BEGIN GIVEN INFORMATION

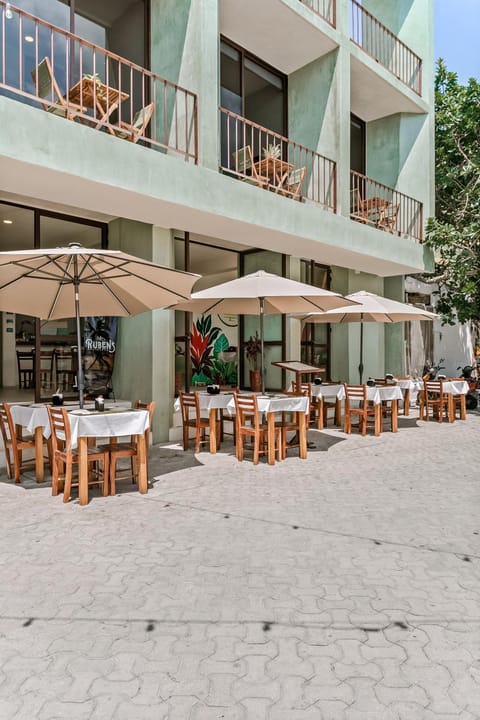Restaurant/places to eat, Off site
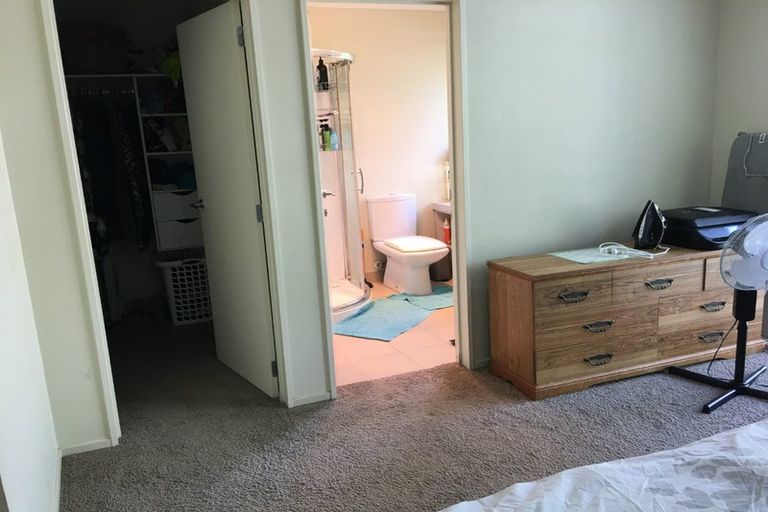 Photo of property in 71 Bruce Pulman Drive, Takanini, 2112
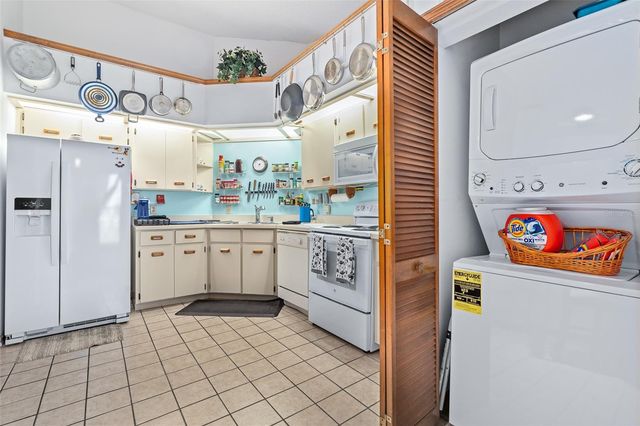 596 N NOVA ROAD 308, Ormond Beach, FL 32174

END GIVEN INFORMATION

Reproduce word for word only the lines between the line containing "Photo of property" and the end of the listing above, both included, and drop any pictures.

▶ **REPLY**
 Photo of property in 71 Bruce Pulman Drive, Takanini, 2112
 596 N NOVA ROAD 308, Ormond Beach, FL 32174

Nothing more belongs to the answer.